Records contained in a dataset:
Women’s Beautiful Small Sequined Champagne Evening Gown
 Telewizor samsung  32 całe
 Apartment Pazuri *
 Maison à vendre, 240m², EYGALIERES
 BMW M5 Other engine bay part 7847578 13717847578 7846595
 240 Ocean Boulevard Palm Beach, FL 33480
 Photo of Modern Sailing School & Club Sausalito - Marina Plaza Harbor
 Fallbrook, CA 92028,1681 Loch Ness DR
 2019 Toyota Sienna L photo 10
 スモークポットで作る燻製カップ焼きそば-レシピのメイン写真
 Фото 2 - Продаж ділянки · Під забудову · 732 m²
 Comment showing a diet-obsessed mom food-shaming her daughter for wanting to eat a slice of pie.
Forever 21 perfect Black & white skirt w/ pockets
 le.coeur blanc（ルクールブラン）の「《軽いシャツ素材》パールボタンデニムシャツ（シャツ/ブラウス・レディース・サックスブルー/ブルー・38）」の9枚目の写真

Exercise aim — Each entry is to be written out exactly as it was given.

Finished task —
Women’s Beautiful Small Sequined Champagne Evening Gown
 Telewizor samsung  32 całe
 Apartment Pazuri *
 Maison à vendre, 240m², EYGALIERES
 BMW M5 Other engine bay part 7847578 13717847578 7846595
 240 Ocean Boulevard Palm Beach, FL 33480
 Photo of Modern Sailing School & Club Sausalito - Marina Plaza Harbor
 Fallbrook, CA 92028,1681 Loch Ness DR
 2019 Toyota Sienna L photo 10
 スモークポットで作る燻製カップ焼きそば-レシピのメイン写真
 Фото 2 - Продаж ділянки · Під забудову · 732 m²
 Comment showing a diet-obsessed mom food-shaming her daughter for wanting to eat a slice of pie.
Forever 21 perfect Black & white skirt w/ pockets
 le.coeur blanc（ルクールブラン）の「《軽いシャツ素材》パールボタンデニムシャツ（シャツ/ブラウス・レディース・サックスブルー/ブルー・38）」の9枚目の写真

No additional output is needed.